Intervista ad Alessandro Rosina, uno dei curatori del Rapporto Giovani, su uno dei temi più scottanti dell’attualità: l’emigrazione di tanti giovani italiani verso l’estero, alla ricerca di opportunità lavorative. E proprio di questo tema Rosina ha parlato a Conversano (Bari), nell’ambito dell’incontro dal titolo “Generi e Generazioni”.
Quale fotografia del nostro paese è uscita dal dibattito di Conversano?
La fotografia uscita dal dibattito di Conversano è quella di un paese che ha grandi potenzialità inespresse. Un paese che non riesce a valorizzare – mancando politiche di investimento sociale e di promozione attiva – le capacità e le competenze delle persone ed in particolare dei giovani. Le economie avanzate che crescono di più sono proprio quelle che includono maggiormente le nuove generazioni nei processi decisionali e di sviluppo del paese. Dai dati del Rapporto giovani dell’Istituto Toniolo emerge in modo molto chiaro come i giovani non vogliano assistenzialismo passivo ma opportunità per mettersi in gioco con le loro idee e la loro voglia di fare. Purtroppo l’Italia è uno dei paesi avanzati che meno offre tali opportunità.
Le nuove generazioni stanno pagando a caro prezzo la crisi economica, ma soprattutto la scarsità di opportunità lavorative. Il mercato del lavoro in Italia è così stagnante?
Già prima della crisi economica l’Italia presentava bassi ritmi di crescita e difficoltà di inclusione dei giovani nel mercato del lavoro. La recessione ha quindi colpito un paese che era già in difficoltà nel produrre sviluppo e benessere. Il costo maggiore ricade ancora una volta sui giovani, che si trovano a cercare lavoro e a costruire le basi dei propri progetti di vita in un paese che non cresce, che investe poco in innovazione e in politiche attive per il lavoro, che perde posizioni di competitività sullo scenario internazionale.
L’emigrazione di tanti ragazzi e ragazze rappresenta un fenomeno in aumento, come si evince anche da recenti analisi: cosa può fare il nostro paese per frenare questa emorragia?

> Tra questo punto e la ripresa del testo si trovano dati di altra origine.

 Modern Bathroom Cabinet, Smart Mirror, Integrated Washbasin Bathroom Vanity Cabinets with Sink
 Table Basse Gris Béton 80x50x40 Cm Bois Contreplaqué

Il fatto che molti giovani vadano all’estero per studio o per esperienze di lavoro non va di per sé visto come un fatto negativo. Il problema non è tanto frenarne l’uscita dei cervelli, ma favorire la circolazione dei talenti. Ovvero fare in modo che con la stessa facilità con cui vanno possano anche tornare, o altrettanti se ne possano attrarre da altri paesi. Le politiche utili sono quindi quelle che rendono l’Italia un paese attrattivo perché consente a chi ha idee e voglia di fare – chiunque sia e qualunque sia la sua origine – di realizzare qui cose importanti.
Gli ultimi dati Istat hanno certificato un calo notevole dei livelli di occupazione tra gli under 35. Un segnale preoccupante, nonostante da più parti si parli di ripresa?
In tutta Europa la crisi ha colpito di più i giovani, ma in Italia il tasso di occupazione giovanile era già molto basso prima della crisi e l’impatto della recessione è stato ancor più duro proprio su tale fascia della popolazione. Bisogna tener presente che la scarsa valorizzazione del capitale umano dei giovani non è una emergenza prodotta dalla crisi, ma una persistenza che dura da decenni. Non basta quindi uscire dalla recessione, bisogna cambiare in modo più profondo e strutturale il modello di sviluppo di questo paese per riallinearlo al meglio di quanto le nuove generazioni possono esprimere.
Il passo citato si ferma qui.